About this exercise → Output each of the entries exactly, skipping every picture they contain.

Records for the task →
▬▬▬▬▬▬

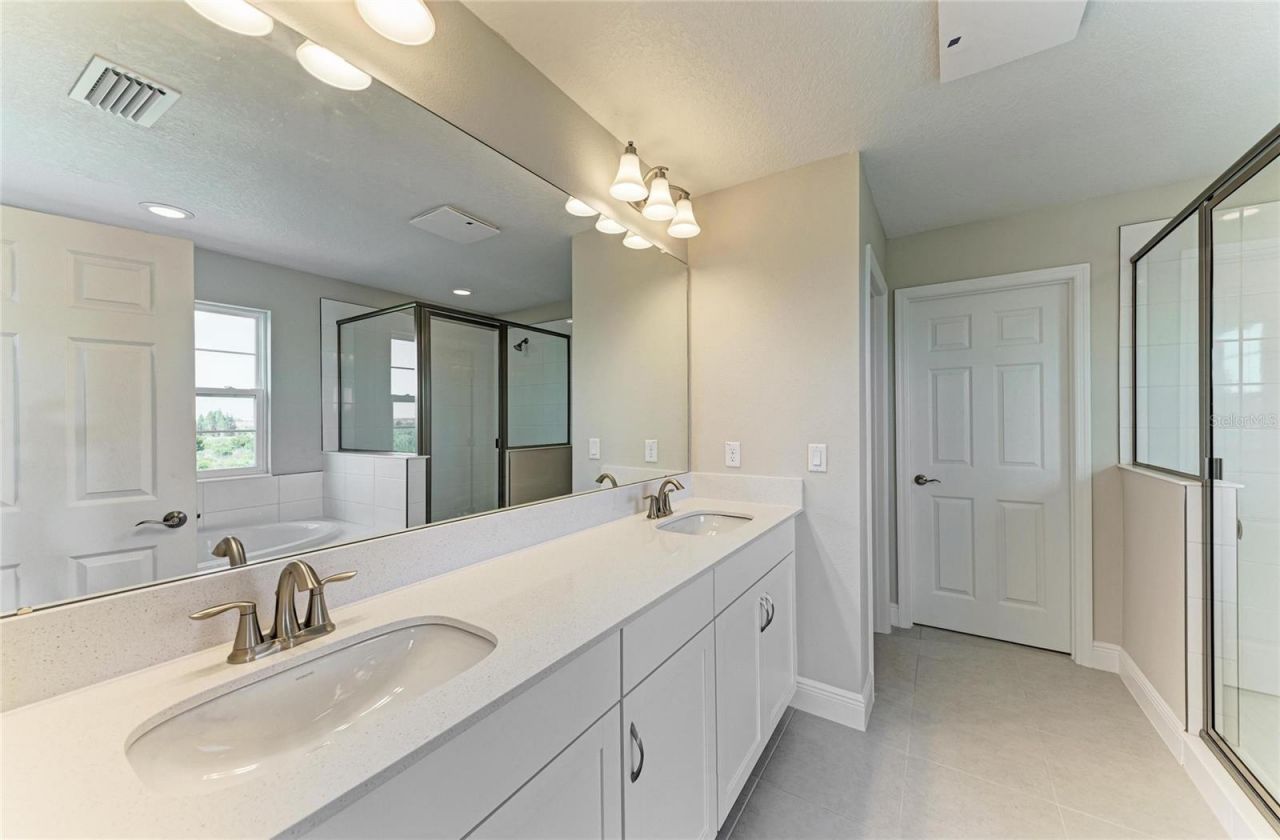 9723 Surrey Rose Drive, San Antonio, FL 33576 Photo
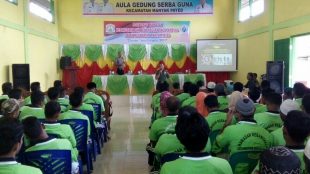 Suasana 150 orang dari 10 Desa Kecamatan Manyak Payed Aceh Tamiang terima Sosialisasi Wawasan Kebangsaan, Rabu 3/1 (dok. KM)
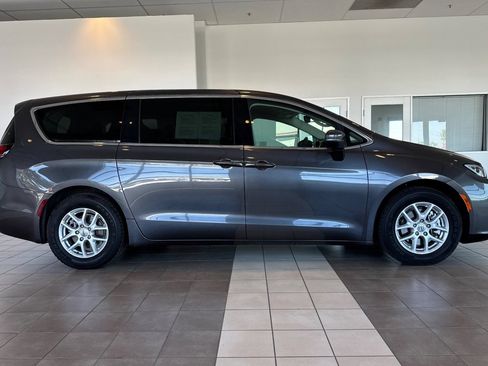 Used 2023 Chrysler Pacifica Touring-L FWD image 3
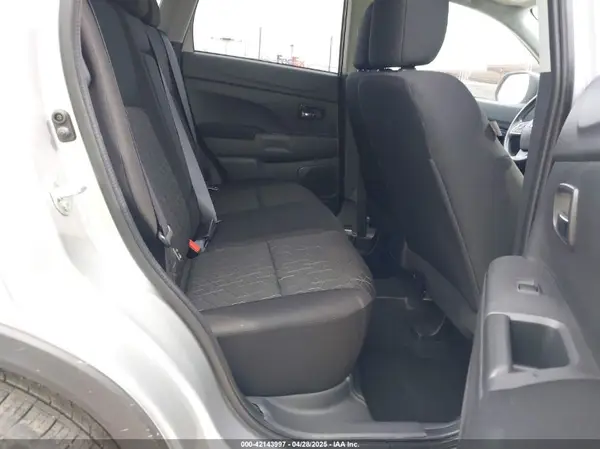 JA4ARUAUXRU017567 2024 MITSUBISHI OUTLANDER - Image 8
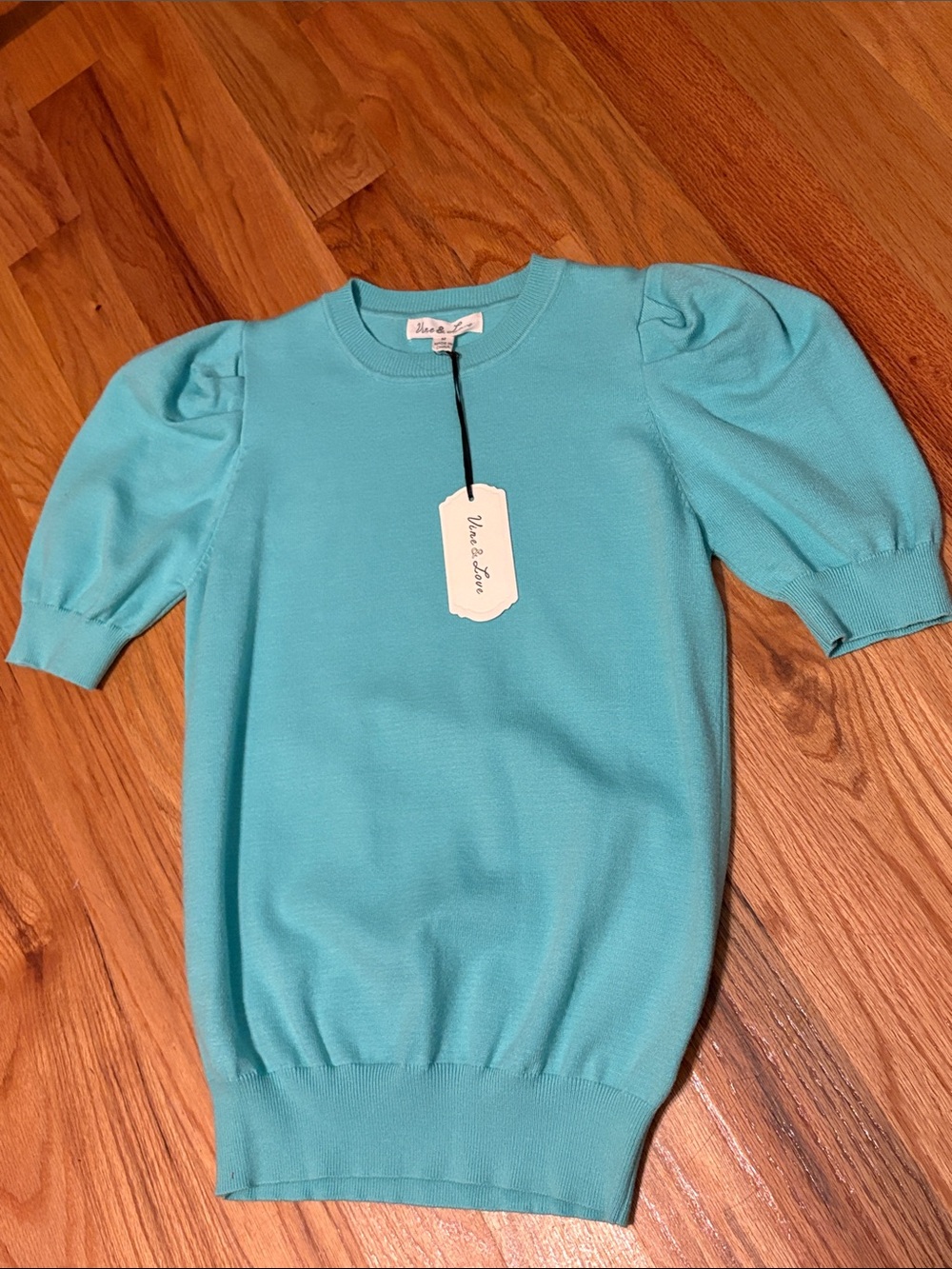 NWT Vine & Love Women’s Puffy Short Sleeve Sweater; Medium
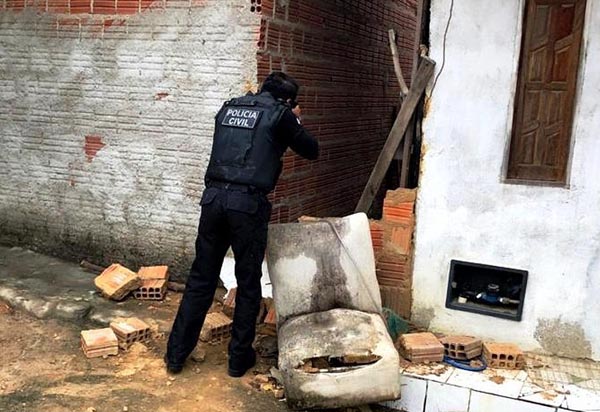 Jovem de 23 anos é preso acusado de divulgar fotos e vídeos íntimos da ex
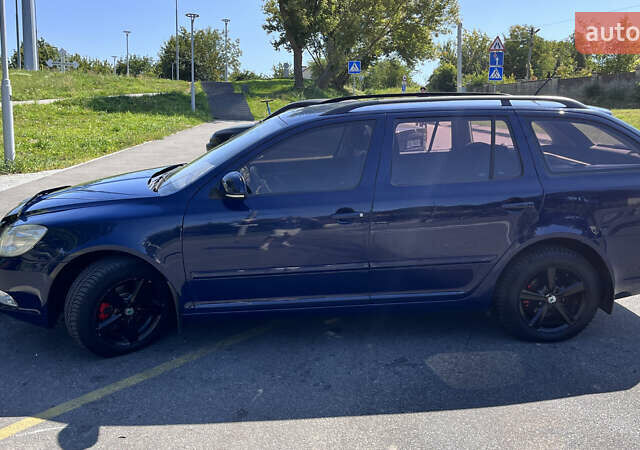 Шкода Октавия 2012 в Виннице на Automoto.ua Синий Шкода Октавия, объемом двигателя 1.6 л и пробегом 217 тыс. км за 8000 $, фото 3 на Automoto.ua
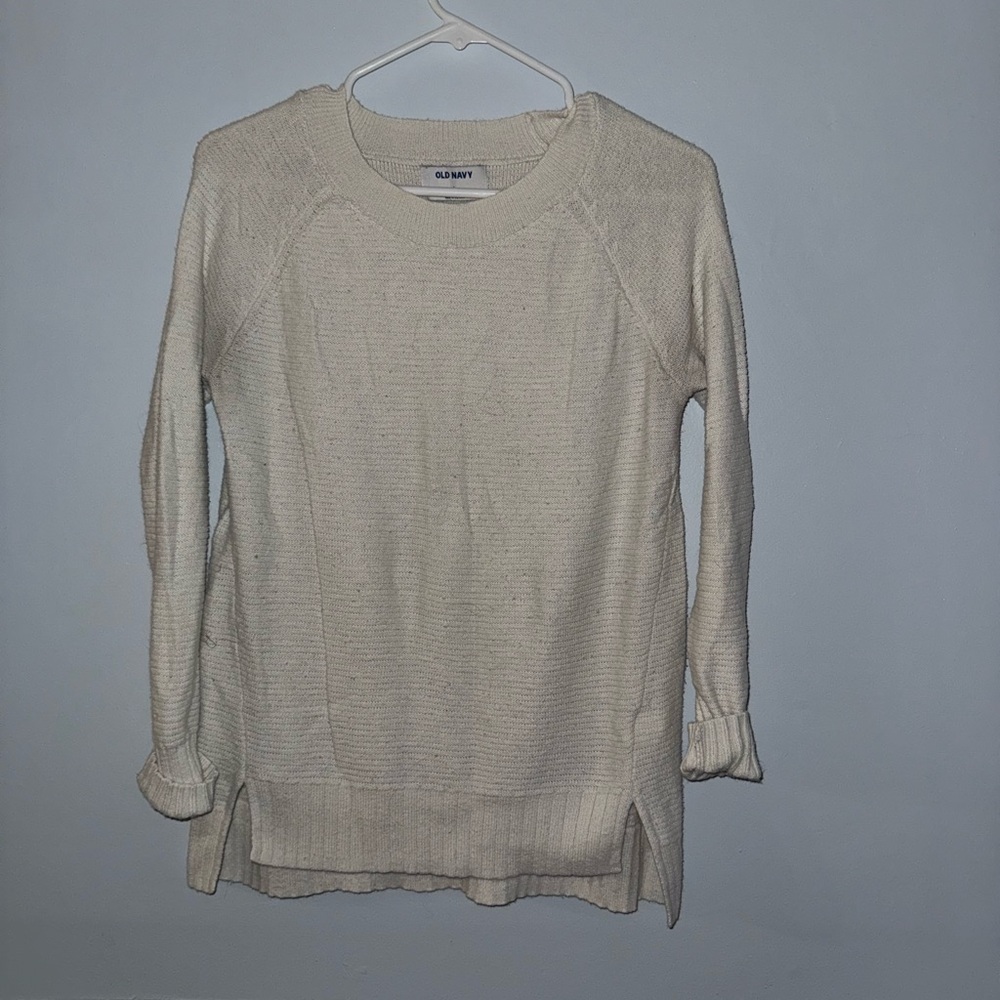 Old Navy Off-White Knit Pullover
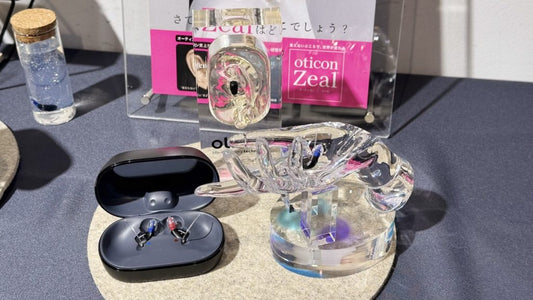 補聴器の「不都合な常識」を打ち破る！ オーティコンが放つ「見えない」最新AI補聴器の衝撃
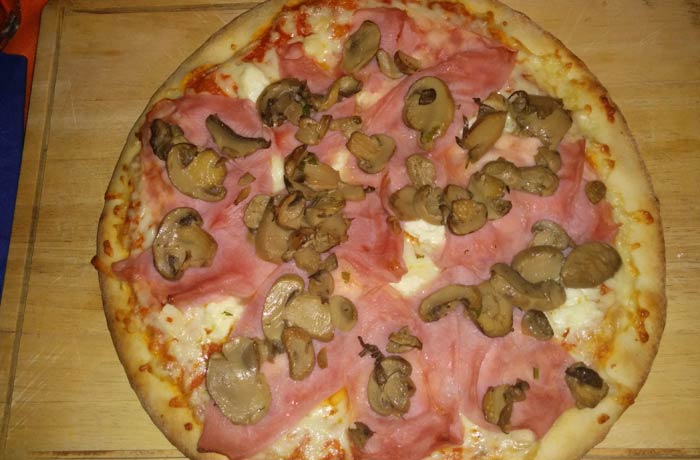 Pizza farcita de La Locanda comer en Formentera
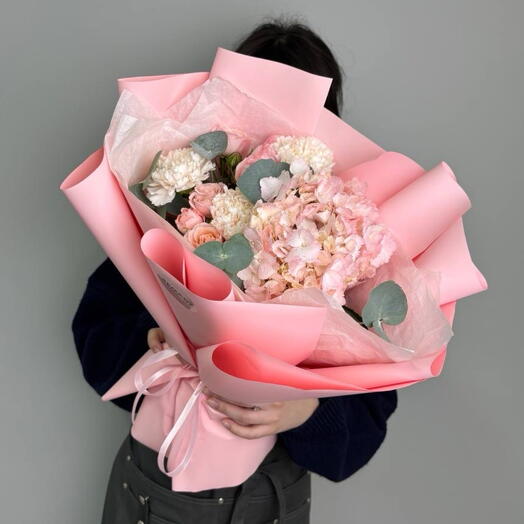 Мини букетик💘 гортензия, кустовые розы и диантусы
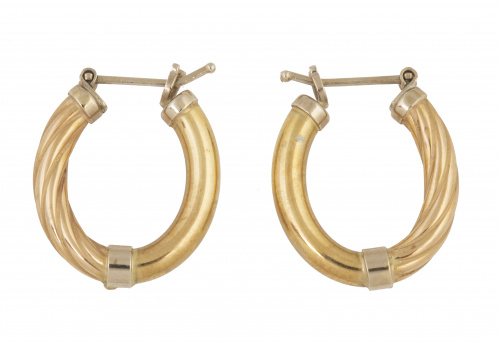 Pendientes criollas ovaladas, mitad lisa, mitad con decorac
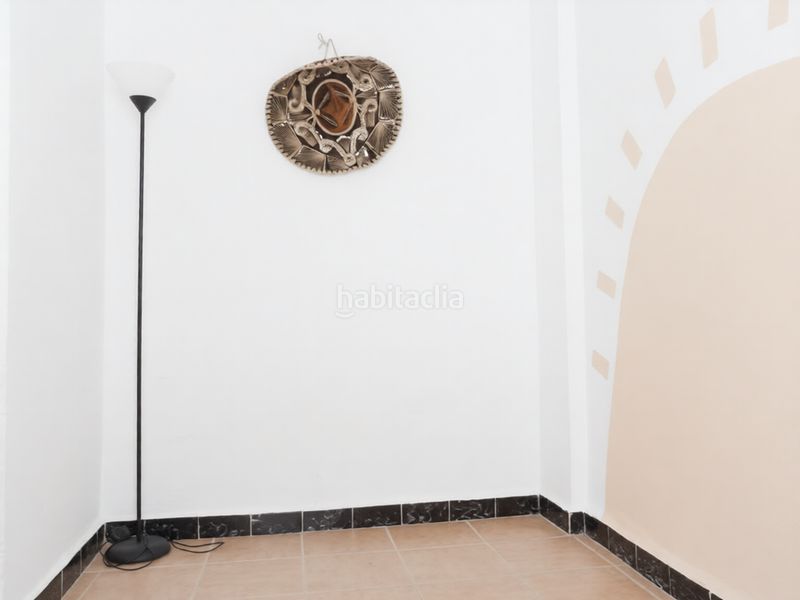 Foto 052adc8b-e7c5-4b69-9179-a0d509f70069. Casa adossada a Guaro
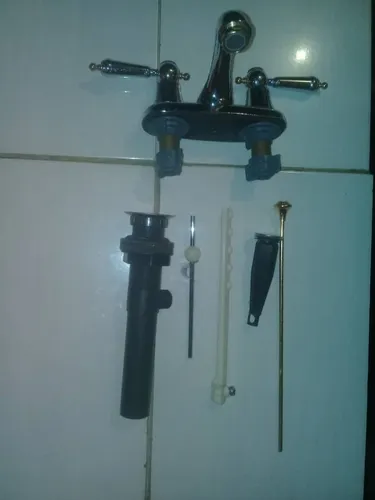Llave Para Lavamanos, Metalica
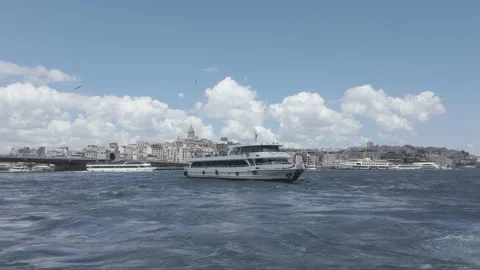 D-Log M. Istanbul, Turkey. Passenger vessel SELAMET 53 rocking on choppy waves Vídeos de archivo 333176560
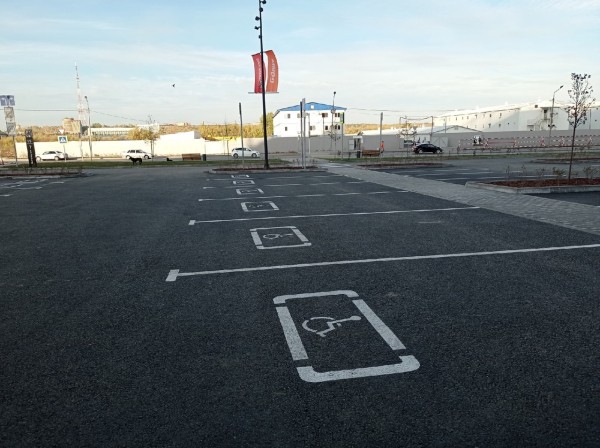 
									Стало известно, сколько мест на парковках «G-Drive Арены» выкупили омичи 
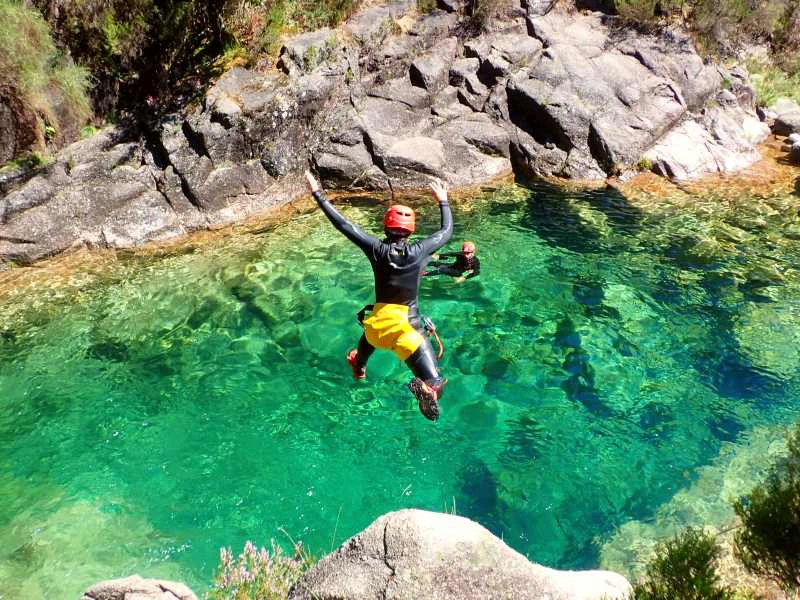 peneda-canyoning-riksja-family-portugal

▬▬▬▬▬▬

Solution to this exercise →
 9723 Surrey Rose Drive, San Antonio, FL 33576 Photo
 Suasana 150 orang dari 10 Desa Kecamatan Manyak Payed Aceh Tamiang terima Sosialisasi Wawasan Kebangsaan, Rabu 3/1 (dok. KM)
 Used 2023 Chrysler Pacifica Touring-L FWD image 3
 JA4ARUAUXRU017567 2024 MITSUBISHI OUTLANDER - Image 8
 NWT Vine & Love Women’s Puffy Short Sleeve Sweater; Medium
 Jovem de 23 anos é preso acusado de divulgar fotos e vídeos íntimos da ex
 Шкода Октавия 2012 в Виннице на Automoto.ua Синий Шкода Октавия, объемом двигателя 1.6 л и пробегом 217 тыс. км за 8000 $, фото 3 на Automoto.ua
 Old Navy Off-White Knit Pullover
 補聴器の「不都合な常識」を打ち破る！ オーティコンが放つ「見えない」最新AI補聴器の衝撃
 Pizza farcita de La Locanda comer en Formentera
 Мини букетик💘 гортензия, кустовые розы и диантусы
 Pendientes criollas ovaladas, mitad lisa, mitad con decorac
 Foto 052adc8b-e7c5-4b69-9179-a0d509f70069. Casa adossada a Guaro
Llave Para Lavamanos, Metalica
 D-Log M. Istanbul, Turkey. Passenger vessel SELAMET 53 rocking on choppy waves Vídeos de archivo 333176560
									Стало известно, сколько мест на парковках «G-Drive Арены» выкупили омичи 
 peneda-canyoning-riksja-family-portugal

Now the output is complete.